[Stored data]
---
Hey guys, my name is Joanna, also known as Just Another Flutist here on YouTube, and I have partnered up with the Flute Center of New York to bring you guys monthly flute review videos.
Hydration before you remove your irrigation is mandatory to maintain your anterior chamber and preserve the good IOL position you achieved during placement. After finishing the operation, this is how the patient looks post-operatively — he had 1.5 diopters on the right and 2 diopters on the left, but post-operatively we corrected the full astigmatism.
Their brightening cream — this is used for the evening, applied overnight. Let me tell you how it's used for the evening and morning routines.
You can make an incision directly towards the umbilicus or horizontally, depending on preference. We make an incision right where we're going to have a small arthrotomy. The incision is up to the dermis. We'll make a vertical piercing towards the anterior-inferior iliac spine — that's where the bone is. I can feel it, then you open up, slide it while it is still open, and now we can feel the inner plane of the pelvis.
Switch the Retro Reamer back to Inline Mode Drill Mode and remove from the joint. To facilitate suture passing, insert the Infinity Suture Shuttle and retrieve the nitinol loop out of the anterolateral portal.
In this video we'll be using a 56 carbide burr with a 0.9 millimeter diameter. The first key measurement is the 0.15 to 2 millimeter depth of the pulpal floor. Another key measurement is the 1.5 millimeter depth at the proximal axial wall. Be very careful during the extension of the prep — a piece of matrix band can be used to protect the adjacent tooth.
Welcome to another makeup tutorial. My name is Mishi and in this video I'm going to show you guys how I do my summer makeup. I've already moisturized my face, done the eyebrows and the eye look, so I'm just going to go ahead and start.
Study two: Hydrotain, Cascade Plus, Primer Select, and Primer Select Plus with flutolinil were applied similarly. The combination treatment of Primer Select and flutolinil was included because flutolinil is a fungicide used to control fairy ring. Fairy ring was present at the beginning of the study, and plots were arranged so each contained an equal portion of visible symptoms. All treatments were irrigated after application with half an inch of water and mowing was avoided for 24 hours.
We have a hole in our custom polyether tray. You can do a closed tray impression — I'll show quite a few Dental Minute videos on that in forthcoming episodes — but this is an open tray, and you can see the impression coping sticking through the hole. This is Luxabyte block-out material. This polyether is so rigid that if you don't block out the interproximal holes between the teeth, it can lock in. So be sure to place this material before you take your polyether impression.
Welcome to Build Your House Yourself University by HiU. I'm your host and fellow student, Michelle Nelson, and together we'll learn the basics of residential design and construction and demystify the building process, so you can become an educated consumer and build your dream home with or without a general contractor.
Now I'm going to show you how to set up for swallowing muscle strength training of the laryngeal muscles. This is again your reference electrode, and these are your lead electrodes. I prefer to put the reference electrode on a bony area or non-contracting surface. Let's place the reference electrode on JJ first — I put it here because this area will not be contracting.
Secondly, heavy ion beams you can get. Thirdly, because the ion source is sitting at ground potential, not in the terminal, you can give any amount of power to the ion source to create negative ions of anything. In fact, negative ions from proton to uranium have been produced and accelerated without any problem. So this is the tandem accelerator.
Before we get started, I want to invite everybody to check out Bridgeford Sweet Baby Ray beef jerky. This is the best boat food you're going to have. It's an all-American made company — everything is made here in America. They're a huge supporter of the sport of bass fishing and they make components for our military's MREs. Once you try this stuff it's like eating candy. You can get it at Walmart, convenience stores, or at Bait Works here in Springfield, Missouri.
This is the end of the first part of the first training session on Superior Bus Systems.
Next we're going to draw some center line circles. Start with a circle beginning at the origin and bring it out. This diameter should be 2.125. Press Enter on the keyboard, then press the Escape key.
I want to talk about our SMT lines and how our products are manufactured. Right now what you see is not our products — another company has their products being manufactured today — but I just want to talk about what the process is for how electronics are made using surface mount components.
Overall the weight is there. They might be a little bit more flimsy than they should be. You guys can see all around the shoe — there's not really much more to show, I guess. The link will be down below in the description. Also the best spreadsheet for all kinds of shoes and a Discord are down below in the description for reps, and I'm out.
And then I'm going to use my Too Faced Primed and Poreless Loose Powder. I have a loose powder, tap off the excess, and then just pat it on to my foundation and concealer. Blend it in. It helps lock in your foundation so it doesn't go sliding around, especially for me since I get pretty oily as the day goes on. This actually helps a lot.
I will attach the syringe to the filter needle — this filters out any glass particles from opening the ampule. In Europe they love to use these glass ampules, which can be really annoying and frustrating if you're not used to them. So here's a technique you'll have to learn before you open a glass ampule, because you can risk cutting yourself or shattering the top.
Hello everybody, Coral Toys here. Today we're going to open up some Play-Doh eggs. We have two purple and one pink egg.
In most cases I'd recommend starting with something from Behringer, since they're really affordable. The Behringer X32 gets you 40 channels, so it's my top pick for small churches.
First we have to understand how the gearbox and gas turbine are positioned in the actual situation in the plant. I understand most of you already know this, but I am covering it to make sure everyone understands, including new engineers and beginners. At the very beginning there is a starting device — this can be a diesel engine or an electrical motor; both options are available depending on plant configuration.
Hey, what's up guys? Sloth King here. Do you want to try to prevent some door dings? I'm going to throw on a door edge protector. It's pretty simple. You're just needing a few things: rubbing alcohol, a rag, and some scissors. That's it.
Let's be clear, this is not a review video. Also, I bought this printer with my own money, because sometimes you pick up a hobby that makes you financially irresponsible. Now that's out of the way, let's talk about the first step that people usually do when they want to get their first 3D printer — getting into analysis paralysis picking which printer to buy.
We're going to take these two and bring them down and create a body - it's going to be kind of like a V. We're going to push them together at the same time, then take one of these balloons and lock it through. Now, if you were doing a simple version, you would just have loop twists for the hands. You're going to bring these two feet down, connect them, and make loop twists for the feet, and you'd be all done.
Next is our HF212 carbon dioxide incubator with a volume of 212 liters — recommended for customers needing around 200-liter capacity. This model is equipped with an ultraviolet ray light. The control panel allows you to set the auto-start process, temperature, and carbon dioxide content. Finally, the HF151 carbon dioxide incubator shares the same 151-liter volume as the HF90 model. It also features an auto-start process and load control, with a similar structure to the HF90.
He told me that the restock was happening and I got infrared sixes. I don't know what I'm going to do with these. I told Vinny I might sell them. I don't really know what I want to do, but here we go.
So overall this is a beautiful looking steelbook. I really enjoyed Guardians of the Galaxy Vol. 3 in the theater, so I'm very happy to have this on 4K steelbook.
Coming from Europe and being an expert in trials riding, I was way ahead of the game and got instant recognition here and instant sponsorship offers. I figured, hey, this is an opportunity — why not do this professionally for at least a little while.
---
* **THE PROBLEM**
Nothing should be left out: repeat all of the data exactly.

* **RESULT**
Hey guys, my name is Joanna, also known as Just Another Flutist here on YouTube, and I have partnered up with the Flute Center of New York to bring you guys monthly flute review videos.
Hydration before you remove your irrigation is mandatory to maintain your anterior chamber and preserve the good IOL position you achieved during placement. After finishing the operation, this is how the patient looks post-operatively — he had 1.5 diopters on the right and 2 diopters on the left, but post-operatively we corrected the full astigmatism.
Their brightening cream — this is used for the evening, applied overnight. Let me tell you how it's used for the evening and morning routines.
You can make an incision directly towards the umbilicus or horizontally, depending on preference. We make an incision right where we're going to have a small arthrotomy. The incision is up to the dermis. We'll make a vertical piercing towards the anterior-inferior iliac spine — that's where the bone is. I can feel it, then you open up, slide it while it is still open, and now we can feel the inner plane of the pelvis.
Switch the Retro Reamer back to Inline Mode Drill Mode and remove from the joint. To facilitate suture passing, insert the Infinity Suture Shuttle and retrieve the nitinol loop out of the anterolateral portal.
In this video we'll be using a 56 carbide burr with a 0.9 millimeter diameter. The first key measurement is the 0.15 to 2 millimeter depth of the pulpal floor. Another key measurement is the 1.5 millimeter depth at the proximal axial wall. Be very careful during the extension of the prep — a piece of matrix band can be used to protect the adjacent tooth.
Welcome to another makeup tutorial. My name is Mishi and in this video I'm going to show you guys how I do my summer makeup. I've already moisturized my face, done the eyebrows and the eye look, so I'm just going to go ahead and start.
Study two: Hydrotain, Cascade Plus, Primer Select, and Primer Select Plus with flutolinil were applied similarly. The combination treatment of Primer Select and flutolinil was included because flutolinil is a fungicide used to control fairy ring. Fairy ring was present at the beginning of the study, and plots were arranged so each contained an equal portion of visible symptoms. All treatments were irrigated after application with half an inch of water and mowing was avoided for 24 hours.
We have a hole in our custom polyether tray. You can do a closed tray impression — I'll show quite a few Dental Minute videos on that in forthcoming episodes — but this is an open tray, and you can see the impression coping sticking through the hole. This is Luxabyte block-out material. This polyether is so rigid that if you don't block out the interproximal holes between the teeth, it can lock in. So be sure to place this material before you take your polyether impression.
Welcome to Build Your House Yourself University by HiU. I'm your host and fellow student, Michelle Nelson, and together we'll learn the basics of residential design and construction and demystify the building process, so you can become an educated consumer and build your dream home with or without a general contractor.
Now I'm going to show you how to set up for swallowing muscle strength training of the laryngeal muscles. This is again your reference electrode, and these are your lead electrodes. I prefer to put the reference electrode on a bony area or non-contracting surface. Let's place the reference electrode on JJ first — I put it here because this area will not be contracting.
Secondly, heavy ion beams you can get. Thirdly, because the ion source is sitting at ground potential, not in the terminal, you can give any amount of power to the ion source to create negative ions of anything. In fact, negative ions from proton to uranium have been produced and accelerated without any problem. So this is the tandem accelerator.
Before we get started, I want to invite everybody to check out Bridgeford Sweet Baby Ray beef jerky. This is the best boat food you're going to have. It's an all-American made company — everything is made here in America. They're a huge supporter of the sport of bass fishing and they make components for our military's MREs. Once you try this stuff it's like eating candy. You can get it at Walmart, convenience stores, or at Bait Works here in Springfield, Missouri.
This is the end of the first part of the first training session on Superior Bus Systems.
Next we're going to draw some center line circles. Start with a circle beginning at the origin and bring it out. This diameter should be 2.125. Press Enter on the keyboard, then press the Escape key.
I want to talk about our SMT lines and how our products are manufactured. Right now what you see is not our products — another company has their products being manufactured today — but I just want to talk about what the process is for how electronics are made using surface mount components.
Overall the weight is there. They might be a little bit more flimsy than they should be. You guys can see all around the shoe — there's not really much more to show, I guess. The link will be down below in the description. Also the best spreadsheet for all kinds of shoes and a Discord are down below in the description for reps, and I'm out.
And then I'm going to use my Too Faced Primed and Poreless Loose Powder. I have a loose powder, tap off the excess, and then just pat it on to my foundation and concealer. Blend it in. It helps lock in your foundation so it doesn't go sliding around, especially for me since I get pretty oily as the day goes on. This actually helps a lot.
I will attach the syringe to the filter needle — this filters out any glass particles from opening the ampule. In Europe they love to use these glass ampules, which can be really annoying and frustrating if you're not used to them. So here's a technique you'll have to learn before you open a glass ampule, because you can risk cutting yourself or shattering the top.
Hello everybody, Coral Toys here. Today we're going to open up some Play-Doh eggs. We have two purple and one pink egg.
In most cases I'd recommend starting with something from Behringer, since they're really affordable. The Behringer X32 gets you 40 channels, so it's my top pick for small churches.
First we have to understand how the gearbox and gas turbine are positioned in the actual situation in the plant. I understand most of you already know this, but I am covering it to make sure everyone understands, including new engineers and beginners. At the very beginning there is a starting device — this can be a diesel engine or an electrical motor; both options are available depending on plant configuration.
Hey, what's up guys? Sloth King here. Do you want to try to prevent some door dings? I'm going to throw on a door edge protector. It's pretty simple. You're just needing a few things: rubbing alcohol, a rag, and some scissors. That's it.
Let's be clear, this is not a review video. Also, I bought this printer with my own money, because sometimes you pick up a hobby that makes you financially irresponsible. Now that's out of the way, let's talk about the first step that people usually do when they want to get their first 3D printer — getting into analysis paralysis picking which printer to buy.
We're going to take these two and bring them down and create a body - it's going to be kind of like a V. We're going to push them together at the same time, then take one of these balloons and lock it through. Now, if you were doing a simple version, you would just have loop twists for the hands. You're going to bring these two feet down, connect them, and make loop twists for the feet, and you'd be all done.
Next is our HF212 carbon dioxide incubator with a volume of 212 liters — recommended for customers needing around 200-liter capacity. This model is equipped with an ultraviolet ray light. The control panel allows you to set the auto-start process, temperature, and carbon dioxide content. Finally, the HF151 carbon dioxide incubator shares the same 151-liter volume as the HF90 model. It also features an auto-start process and load control, with a similar structure to the HF90.
He told me that the restock was happening and I got infrared sixes. I don't know what I'm going to do with these. I told Vinny I might sell them. I don't really know what I want to do, but here we go.
So overall this is a beautiful looking steelbook. I really enjoyed Guardians of the Galaxy Vol. 3 in the theater, so I'm very happy to have this on 4K steelbook.
Coming from Europe and being an expert in trials riding, I was way ahead of the game and got instant recognition here and instant sponsorship offers. I figured, hey, this is an opportunity — why not do this professionally for at least a little while.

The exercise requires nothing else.